Un film erroneamente poco considerato dove Gabin, in coppia con Simon Signoret, dimostra tutta la sua capacità riflessiva nel costruire un personaggio stanco che non riesce più a parlare con la donna di una vita. Pellicola giocata sulle pause e sulle intenzioni sopite di una coppia che si ama ancora, ma non riesce a dirselo. L’ingresso del gatto è una metafora per il bisogno d’affetto dell’uomo che scatena la gelosia della moglie. Le chat è film prettamente teatrale recitato da due artisti in grado di trasmettere emozioni anche facendo silenzio. I dialoghi sono crudi e ridotti all’osso e creano un’empatia diretta con lo spettatore attraverso parole e alcuni silenzi propri della vita. Un film meno conosciuto di quelli di Jean Gabin ma molto interessante per la sua capacità di approfondire un anziano che non ha più nulla da chiedere alla vita tranne essere benvoluto.
3 La fredda alba del commissario Joss Georges Lautner 1967
L’anziano commissario Joss indaga sull’assassinio di un suo vecchio amico portando alla luce una Parigi criminale, sommersa e senza scrupoli. Il film è un poliziesco intimista come raramente se ne trovano. Riflessivo e scorretto si sviluppa su una recitazione, quella di Gabin, in grado di bastare per travolgere lo spettatore con la sua misurata desolazione.
Il protagonista è un uomo d’altri tempi che non riesce a convivere con le trasformazioni della società e si attacca a valori in disuso come l’onore. La sceneggiatura di Micheal Audiard è da applausi a scena aperta. Dialoghi che potrebbero essere scomposti e riletti per apprezzare a pieno la loro onestà poetica.
Un quadro fintamente a tinte fosche di una Parigi in piena rivoluzione sessantottina, dove i cambiamenti sociali sono usati non sempre in maniera lecita e dove i sentimenti si moltiplicano senza saldarsi mai. La fredda alba entra direttamente in quelle pellicole nascoste che hanno fatto di Gabin il viso di un mondo passato attraverso due guerre e ultimo depositario di un sapere intuitivo.
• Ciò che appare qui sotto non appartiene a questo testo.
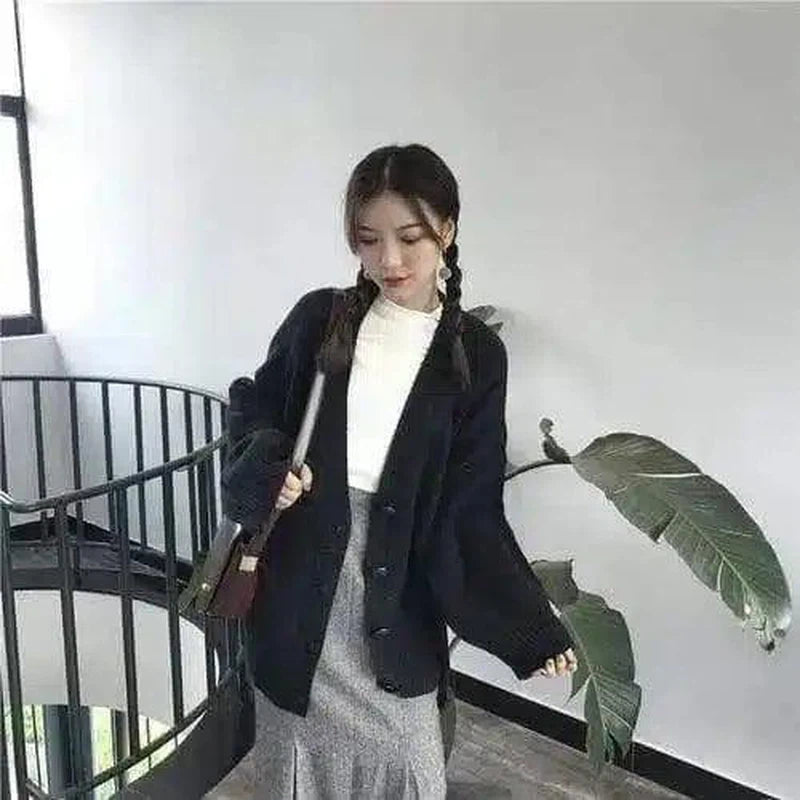 LOVEMI - Lovemi - Loose knitted sweater coat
Due contro la città Jose Giovanni 1973
Poliziotto in pensione è amico di un ex galeotto poco fortunato. Uscito dalla prigione Gino (Delon) prova a rigare dritto con l’aiuto dell’anziano Germain. Dopo aver rifiutato l’offerta di un colpo, da alcuni amici, Gino è braccato da un ispettore che lo crede colpevole. Alain Delon e Jean Gabin (due nomi che bastano da soli) in un noir che racconta la cronaca di una deriva annunciata. Trama classica che i due attori recitano in maniera eccellente grazie anche alla sceneggiatura solida e a una regia poco invadente. Un film di sentimenti (buoni e cattivi) che s’inserisce nella collezione dei personaggi irrisolti molto cari a Gabin.
Colpo grosso al casinò 1963 Henri Verneuil
Malinconico e anziano rapinatore vuole andare in pensione con un ultimo colpo. L’uomo, appena uscito dalla prigione, decide di mettersi in società con un giovane alle prime armi. Riusciranno a non farsi arrestare ma, sottratti i soldi, arriveranno gli imprevisti. Primo film recitato da Delon in coppia con il “maestro” Jean Gabin è un prodotto perfetto. Precorre i tempi nel ritmo (la preparazione chirurgica del colpo) e supera l’oggi con una sceneggiatura così bella da non poter essere descritta. Il regista lascia carta bianca ai due attori che recitano in maniera contenuta ed esplosiva allo stesso tempo. Michel Audiard, lo sceneggiatore, incanta con le parole.